# What to sell at Artist Alley?



## epicukulelesolo (Nov 13, 2019)

I dont know if this is the right forum but here goes.
So I’m very new to the furry fandom in general. But I’m hoping to participate in artist alleys at conventions in the future but I don’t really know what to sell as the fandom is very OC centric. Which I LOVE but also it makes coming up with products to sell a little more complicated as it’s more personalized in what people want to buy I’d assume?

I’ve tabled at 2 conventions, one anime and one general nerd stuff, with mixed results. Most of my stuff was TF2, Steven universe, and Overwatch stickers/keychains. But that was like 3-5 year ago haha.

People who have tabled at conventions before, what kind of artwork/products is generally good for this kind of thing?


----------



## MischievousPooka (Nov 14, 2019)

When I sell at furry cons I have buttons of different animals and mythical creatures.  I also have pride buttons.  I also have make badge commissions at the con for people that want a badge of their fursona.  A lot of furries like to commission artist for badges during the con.  I also bring some of my animal and creature prints.  Furries like cute animals.  Also some will buy art of your characters too if they like the character look or species.  And I do bring some of my anime stuff I had from other cons since some do like to buy those at the furry con too.


----------



## Keefur (Nov 14, 2019)

If you are doing art, you either need to bring a laminator or make arrangements to borrow one.  Sometimes the con will have one to use for a fee for the laminate.  Some cons only allow items that are made at the con to be sold in artist alley.  This prevents dealers from having a "table" without actually reserving one in the dealer den.  You might want to check on this before you take a bunch of pre-made items.


----------



## epicukulelesolo (Nov 14, 2019)

I didnt even think about binging my own lamination machine. It would save time. Usually I just use the free one at fed-ex stores haha ^-^; I guess that would be good for making badges like Pooka said too.


----------



## MischievousPooka (Nov 14, 2019)

Keefur is right about some cons not allowing premade stuff in artist alley so check the con rules before deciding what to bring.  The furry con I go does allow premade stuff but in small quantities.  As for lamination machine, check to make sure you can have electricity available.  Some con do not have electricity or have you pay extra for electricity.  But if you don't bring a laminator, bring laminator sheets since some cons do have laminators artist can used.    A lot of customers will like their badges laminated and badges are a big sales at furry cons.


----------



## Trevorbluesquirrel (Nov 14, 2019)

PORN!


I mean, furries, come on, right!?


.............Or, things like furry message pins, fursuit spray, or furry comics and guides are usually what I like to get!


But badge commissions is the big item!


----------



## Alison Savros (Nov 14, 2019)

Trevorbluesquirrel said:


> PORN!
> 
> 
> I mean, furries, come on, right!?


Is this to say that just because someone is a furry, they yiff?
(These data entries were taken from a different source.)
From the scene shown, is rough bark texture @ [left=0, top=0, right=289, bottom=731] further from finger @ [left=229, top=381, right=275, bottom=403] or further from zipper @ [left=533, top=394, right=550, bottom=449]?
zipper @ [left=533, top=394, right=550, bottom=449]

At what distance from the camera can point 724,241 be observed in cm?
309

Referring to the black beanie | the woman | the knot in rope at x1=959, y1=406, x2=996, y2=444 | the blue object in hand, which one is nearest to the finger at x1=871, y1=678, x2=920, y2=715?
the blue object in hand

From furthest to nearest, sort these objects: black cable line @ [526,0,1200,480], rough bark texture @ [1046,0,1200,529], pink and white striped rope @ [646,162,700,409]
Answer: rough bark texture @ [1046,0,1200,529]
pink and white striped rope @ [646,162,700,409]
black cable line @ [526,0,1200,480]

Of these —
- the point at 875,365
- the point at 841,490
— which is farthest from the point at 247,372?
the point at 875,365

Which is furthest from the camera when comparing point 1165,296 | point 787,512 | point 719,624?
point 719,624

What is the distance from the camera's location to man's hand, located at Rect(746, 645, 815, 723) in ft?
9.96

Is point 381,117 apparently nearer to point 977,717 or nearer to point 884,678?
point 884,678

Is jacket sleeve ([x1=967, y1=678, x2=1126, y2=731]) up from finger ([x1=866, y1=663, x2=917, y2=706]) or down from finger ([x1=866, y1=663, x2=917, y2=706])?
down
That's actually a stereotype. A very negative one.
Haven't you ever heard of clean furries? Or minors?
Honestly, this is just giving anti-furries even more ammo to claim that all furries are porn artists, even the ones who actually aren't.


----------



## epicukulelesolo (Nov 15, 2019)

Im not really comfortable doing NSFW art ^-^;


----------



## Trevorbluesquirrel (Nov 22, 2019)

Alison Savros said:


> Is this to say that just because someone is a furry, they yiff? That's actually a stereotype. A very negative one.
> Haven't you ever heard of clean furries? Or minors?
> Honestly, this is just giving anti-furries even more ammo to claim that all furries are porn artists, even the ones who actually aren't.



No, its just to say that because someone is a human, they most likely desire yiff!

And I have always heard that sex is a positive and healthy habit of life, not to mention necessary!

Thinking that someone has sex or wants to is a negative thing now!? Its true for practically all of us, eh!?

Yes, I have heard of clean furs and minors, but most clean furs also yiff or want to yiff as well, they just call it sex, intercourse, fornication, or some other term!

And minors can and do yiff sometimes as well, that's how teen pregnancies happen, and how we got the show TEEN MOM!

And how many anti furries do you think are here on the forums!?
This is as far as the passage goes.